土地評価をする際に借地権価格の控除をするのですが、使用貸借の場合には認めません。既述の建て付け地減価分が土地価格から控除されるレベルです。
家賃などは親戚だから払わない、貰わないが固定資産税だけは負担するという場合でも使用貸借契約です。
売買価格相場が3千万円の土地を、タダでもらったというなら贈与税の対象になりますが、今回は土地の使用貸借ですから贈与税の問題は発生しません。
また、仮に贈与税がでるとしたら家を建てた人に課税されます。
元々贈与税は「貰った人」に課税される税金だからです。
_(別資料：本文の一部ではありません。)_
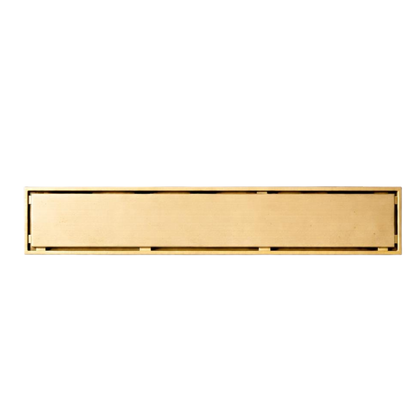 2-in-1 unlacquered brass linear shower drain with reversible cover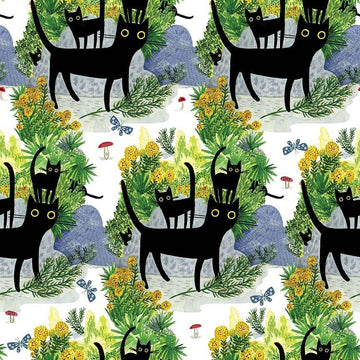 Catwalk by Leezaworks - Catwalk, White Catwalk by Leezaworks Cat Fabric - Catwalk, White | Dear Stella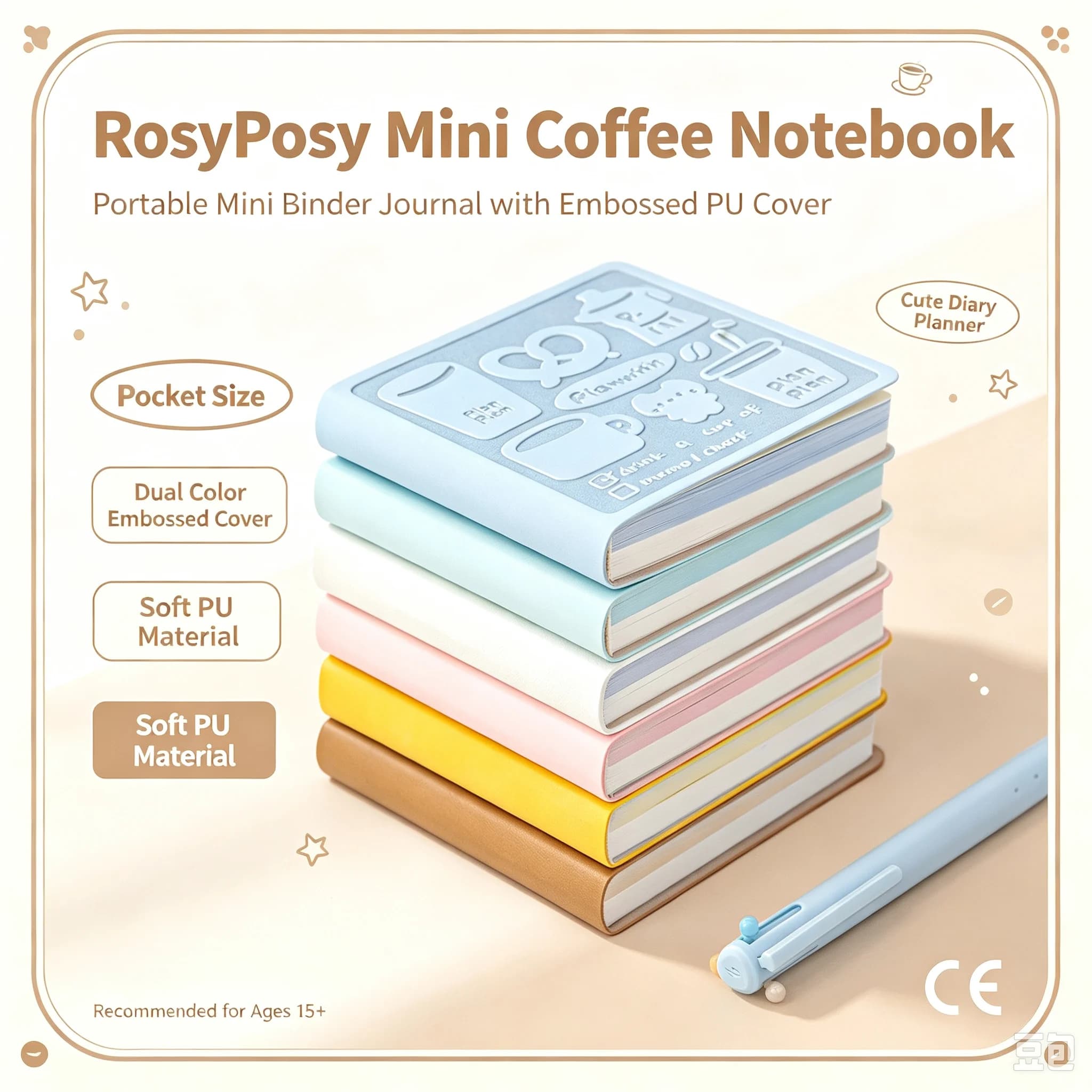 Rosyposy Mini Coffee Notebook Portable Mini Binder Journal Dual Color Embossed Pu Cover Soft Pu Material Cute Diary Planner Book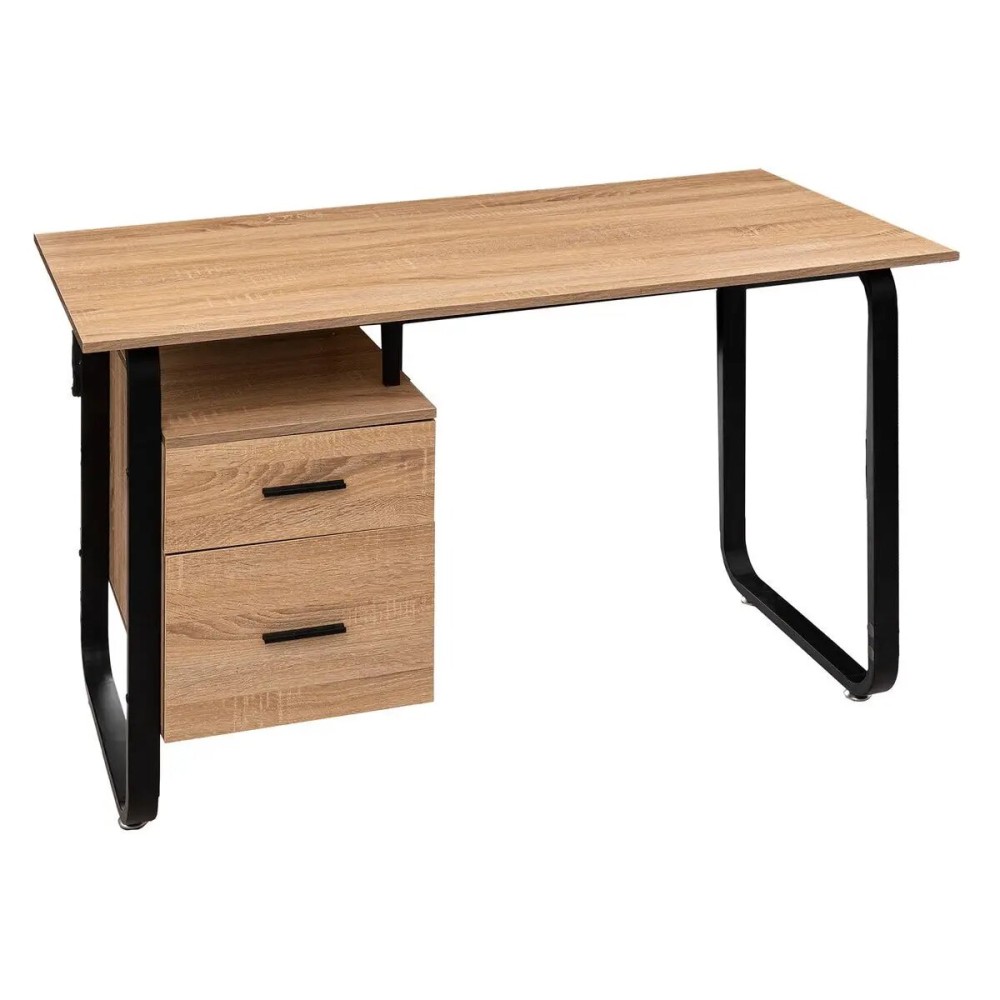 Bureau avec caisson effet chêne naturel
この点誤った回答があるようです。
ところで、土地の上に建物とくに住居が建った場合には、権利関係が複雑になります。
使用貸借なので借地権など認めないわけですが、では土地所有者がその建物を自由に取り壊しできるかというとできません。
建物は自分のものではないからです。
貸す人間と、貸してもらう人間の間では充分納得していることで「ウダウダいう気は無い」ことですが、数年数十年後に問題になる可能性が大きいです。
土地を相続などで得た者(子や孫)が、どうしてじいちゃんの土地なのに、他の伯父さんが住んでるの?出てってもらえないの?という話題が出ます。
使用貸借ではなく賃貸借契約を結んでおくべきでしょう。
「今使ってないから、賃料なんていいから、固定資産税だけくれよ」という貸し借りは、多くの場合「揉め事の種」になることを知っておかれるべきです。
とりもなおさず「借地権」という権利が発生するからです。
兄弟だから親戚だからと安易に家を建てさせてしまうと、自分の土地なのに自由に使えないので、困ったということになります。土地は貸すぐらいならやったと思えという言葉があります。
今回も「やった」と思うほうがいいかもしれません。すると贈与税が発生しますね。